30 ans révolus: Bilan
Voilà, j’ai fêté mes 31 ans il y a de ça 3 jours.
L’année de mes 30 ans est terminée.
J’ai envie de faire un bilan. Je trouve ça bien les bilans. Un condensé des faits marquants d’une période de la vie. Une liste, finalement. Je trouve ça bien une liste. ça a un côté rassurant. C’est rassurant une liste. C’est comme une carte; ça rend les choses tout de suite plus ordonnées, plus cadrées, plus accessibles. On s’y repère bien. C’est plus facile de se repérer sur la petite carte, dans un quelconque guide d’un quelconque routard, que dans la vaste ville étrangère où l’on pose les pieds pour la première fois. Enfin je trouve. J’adore les cartes. (J’adore le fait de me repérer sur la carte, d’y élaborer mon itinéraire, et puis ensuite d’affronter comme par magie la réalité de cet itinéraire.) C’est vrai que c’est magique ce truc des cartes; d’abord la projection, ensuite la "vraie vie". Dans une liste, c’est le contraire, on passe de la "vraie vie" à sa retranscription écrite, condensée, cadrée, rassurante. En fait, une liste, c’est une carte à l’envers.
Et voici ma carte à l’envers:
Durant l’année de mes 30 ans j’ai:
-Quitté mon travail. Enfin ! Démissionné. Quitté ce monde autoritaire et restrictif de l’entreprise. Quitté cette soumission volontaire à une hiérarchie illégitime et aliénante.
-Voyagé. à Barcelone, ma ville chérie, avec ma douce Fanny. à Florence, mon rêve d’adolescente, seule avec mon appareil photo reflex, un régal. Au Costa Rica, comme éco-volontaire, au contact de la nature et des animaux sauvages.
-Présenté Papillon à mon papa. Une réussite. Je suis heureuse que papa apprécie autant Papillon.
-Découvert l’Ayurvéda, la médecine traditionnelle Indiennne, qui me faisait de l’oeil depuis longtemps. J’ai appris le massage Abhyanga, issue de cette médecine.
-Adoptée une lapine de mauvais caractère que j’ai baptisé Snoopie.
-Me suis fait une nouvelle amie, S., grâce à un site internet d’entraide. Un site de garde de chats.

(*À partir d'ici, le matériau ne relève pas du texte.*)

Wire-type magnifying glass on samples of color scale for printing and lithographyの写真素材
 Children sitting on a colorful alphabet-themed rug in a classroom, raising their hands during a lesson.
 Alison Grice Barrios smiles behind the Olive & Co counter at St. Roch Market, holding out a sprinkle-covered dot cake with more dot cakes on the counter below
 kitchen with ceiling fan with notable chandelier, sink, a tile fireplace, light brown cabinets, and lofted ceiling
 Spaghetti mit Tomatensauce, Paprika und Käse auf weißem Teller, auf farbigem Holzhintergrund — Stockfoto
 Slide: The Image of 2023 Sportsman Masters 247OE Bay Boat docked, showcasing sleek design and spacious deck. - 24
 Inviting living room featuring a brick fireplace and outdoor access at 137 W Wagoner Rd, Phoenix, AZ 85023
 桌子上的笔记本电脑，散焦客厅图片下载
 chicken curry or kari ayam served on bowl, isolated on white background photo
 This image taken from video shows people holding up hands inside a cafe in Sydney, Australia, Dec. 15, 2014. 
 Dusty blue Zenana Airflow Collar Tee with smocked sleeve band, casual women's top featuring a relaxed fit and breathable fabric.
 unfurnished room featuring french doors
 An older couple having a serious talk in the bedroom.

-Ai dit "Non" à de belles entreprises qui me tendaient les bras. Pour rester fidèle à moi-même et suivre mes vrais désirs.
-Ai mûri un projet et me suis donné les moyens d’y arriver. J’y ai cru.
-Ai enfin créé mon entreprise de Praticienne en massage Bien-Être, sous le statut d’auto-entrepreneuse ! Et je m’éclate, je me sens créative, malgré le peu de travail pour l’instant, les moments d’angoisse, les choix et compromis que je dois faire.
-Ai signé déjà deux contrats avec deux belles sociétés pour lesquelles je suis prestataire de service free-lance.
-Ai rencontré du monde.
Et puisqu’il faut des choses tristes aussi:
-Ai assisté aux funérailles du papa de Papillon, après une longue maladie.
-Peut-être perdu mon frère...
Et puisqu’il faut des drames aussi:
-Ai avorté, le 20 mars exactement. Une grossesse non désirée. Une crise terrible avec Papillon. La période la plus difficile de ma vie jusqu’à aujourd’hui. La plus solitaire aussi. Un avortement douloureux, avec lequel je vis depuis, et vais devoir vivre toute ma vie.
J’en parlerai quand je serai prête. Quand, peut-être, ce ne sera plus aussi douloureux et angoissant. Mon avortement. Jamais je n’aurai cru que ça m’arriverait. Pas à moi. Aux autres oui, mais pas moi. J’ai parfois encore du mal à réaliser. à réaliser que j’ai été enceinte, et que je ne le suis plus. Alors qu’aujourd’hui, mon ventre devrait être tout rond. Pour moi cela révèle presque du surnaturel. C’est comme une douleur de plus avec laquelle il faut vivre. Une casserole en plus à trainer. En plus de la mort de ma mère, de la démence de mon frère.
(La culpabilité en plus).
Bien sur, cette liste, cette carte à l’envers, n’est pas exhaustive. je sais qu’il y a eu d’autres choses. Mais puisque là je ne les ai pas en tête, c’est qu’elles n’ont probablement pas d’importance.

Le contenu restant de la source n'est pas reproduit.